The place they end up is so isolated and untravelled that it could give the yips to even the most seasoned explorer. Shoalts is precise in his descriptions of setting and his writing is filled with sensory detail. There is also a clever, intentional use of language that heightens tension and lets a creepiness seep into the narrative. He writes that they feel like intruders, as if they are being watched in a place where they are not welcome. The dialogue builds an atmosphere that you might find at the beginning of a horror story – the casual, ill-fated words of characters who will soon be hunted.
The narrative is a slow burn to begin, interspersed with references to old records that repeat details too often – but all of this builds mood and atmosphere. The reader also experiences the grind of the journey through the wild, paired with authentic accounts of discovery, and the gruelling last leg to the destination. The men are not thrill-seekers taking undue risk. They make educated decisions and suffer the terrain without complaint or drama. Shoalts’s companion, Zach, is competent and focused, even when wondering if they’re about to drown in rapids, fall off a mountain, or be snatched up by some beast. Throughout, Shoalts recounts their very ordinary missteps: a forgotten camera, a lost bug net, a tattered jacket.
Whether they’ll find evidence of the beast isn’t the point.

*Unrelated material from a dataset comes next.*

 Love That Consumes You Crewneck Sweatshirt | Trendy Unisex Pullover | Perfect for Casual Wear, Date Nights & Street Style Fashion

They are in the ancient and foreboding region containing the Torngat Mountains (“place of spirits”), the Isle of Demons, and other sinisterly named places that were respected and feared by Indigenous Peoples, settlers, trappers, and adventurers. As with all dangerous and desolate places, we can understand why their myths and legends developed. Whether in the lands of the Windigo, loup-garou, or any other manner of demon, there are tales to keep people out of the dark of night and warn of the dangerous wilds where anyone, young or old, can be snatched up so completely that it seems an act of the supernatural.

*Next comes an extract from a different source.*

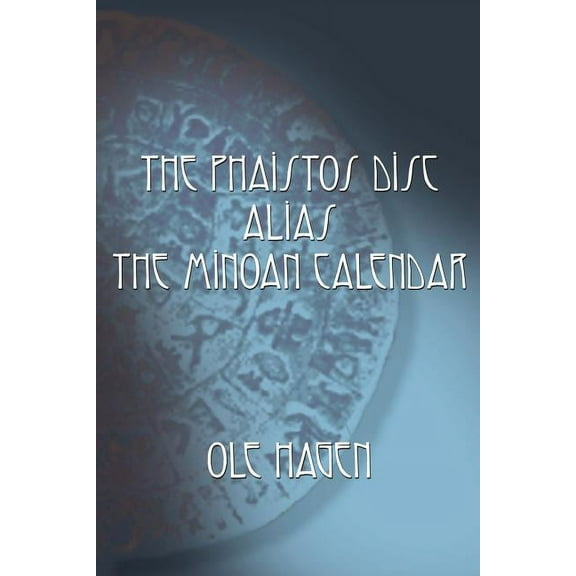 The Phaistos Disc Alias the Minoan Calendar (Paperback)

Shoalts eventually unpacks the legend of the Traverspine monster. He carefully considers the written accounts and who made them, the experiences of witnesses, the fauna of the place that was known and yet to be identified, and the way that being exposed in such an environment at that period in time would conjure such hauntings. He doesn’t condescend to the settlers who were bound by their own experience and limited sense of the world, nor does he romanticize them. There is an honest curiosity that drives the book, and that is much more alluring than bravado or a desire for conquest.
This openness to discovery endears the narrative to the reader, be it Shoalts’s desire for a better understanding of those who came before and what they endured in a remote corner of the world or his curiosity about the beasts that have outlasted myth and still walk the wildest places on earth, whether we see them or not. It’s fitting that, after coming to a fairly reasonable conclusion about what the Traverspine beast may truly be, Shoalts, safe at home, in the light of day, views remnant video footage from the adventure that chills him and stirs the enigma again. These great wildernesses will always be filled with mystery, beauty, danger, and warning – elements that have brought human lives into stark focus for eons. The author leaves us there, and with a greater sense of what it would mean to lose these places forever, and so lose what human beings are when surrounded by nature.